Summary. The manuscript reports a systematic cross-match of SDSS, LAMOST, and DESI spectroscopic observations to search for changing-look AGNs (CLAGNs). It identifies 45 CLAGNs (40 new), dominated by turn-off events (43 turn-off, 2 turn-on), and uses DESI as a third epoch to find 12 repeating CLAGNs (RCLAGNs). The authors interpret the repeat rate as evidence that CL transitions arise from recurrent processes such as accretion-rate fluctuations or disk instabilities, report a high-low-high evolution for RCLAGNs in the log M_BH–log(L_bol/L_Edd) plane, and give rest-frame upper limits on transition timescales of ~10 yr (first) and ~4 yr (second).

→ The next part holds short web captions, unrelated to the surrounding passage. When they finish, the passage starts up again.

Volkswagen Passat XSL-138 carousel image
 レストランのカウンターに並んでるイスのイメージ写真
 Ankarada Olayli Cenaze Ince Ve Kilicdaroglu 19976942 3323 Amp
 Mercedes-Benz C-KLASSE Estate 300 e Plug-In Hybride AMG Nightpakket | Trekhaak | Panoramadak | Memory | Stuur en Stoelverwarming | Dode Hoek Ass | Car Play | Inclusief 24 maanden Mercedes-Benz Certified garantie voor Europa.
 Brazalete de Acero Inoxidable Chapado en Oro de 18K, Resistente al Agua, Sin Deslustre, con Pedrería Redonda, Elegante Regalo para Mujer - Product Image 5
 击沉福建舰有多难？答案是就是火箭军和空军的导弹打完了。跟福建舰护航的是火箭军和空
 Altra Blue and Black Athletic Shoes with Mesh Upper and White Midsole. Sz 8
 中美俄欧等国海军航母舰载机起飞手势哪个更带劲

Significance. If the spectral changes are shown to be intrinsic, the addition of 12 RCLAGNs and the three-epoch analysis would meaningfully expand the known repeating sample and provide observational support for recurrent accretion-driven models of CL behavior. The multi-survey cross-match and explicit reporting of concrete counts (45 total, 12 repeats) are strengths that facilitate future statistical studies of CL duty cycles.

major comments (1)
  1. [Abstract and RCLAGN results/discussion] Abstract and discussion of RCLAGNs: The central inference that the 12 RCLAGNs indicate recurrent physical processes (accretion-rate fluctuations or disk instabilities) and exhibit a 'clear high-low-high accretion-state evolution' in the log M_BH–log(L_bol/L_Edd) plane is load-bearing for the conclusions, yet the manuscript explicitly lists circumnuclear dust obscuration as a possible alternative explanation for the strong dominance of turn-off events (43 vs. 2). No quantitative multi-wavelength tests (e.g., mid-IR color variability, X-ray hardness ratios, or extinction diagnostics) are presented to exclude line-of-sight effects specifically for the repeating subset, leaving the intrinsic-accretion interpretation conditional.
minor comments (2)
  1. [Abstract] The abstract states a 'high detection rate' of repeats but does not quote the total number of three-epoch sources monitored or the selection function; adding this context would allow readers to evaluate the rate quantitatively.
  2. [Sample construction / methods] The manuscript should clarify the exact line-flux or equivalent-width thresholds and redshift cuts used to classify turn-off vs. turn-on events, as these directly affect the reported 43:2 ratio.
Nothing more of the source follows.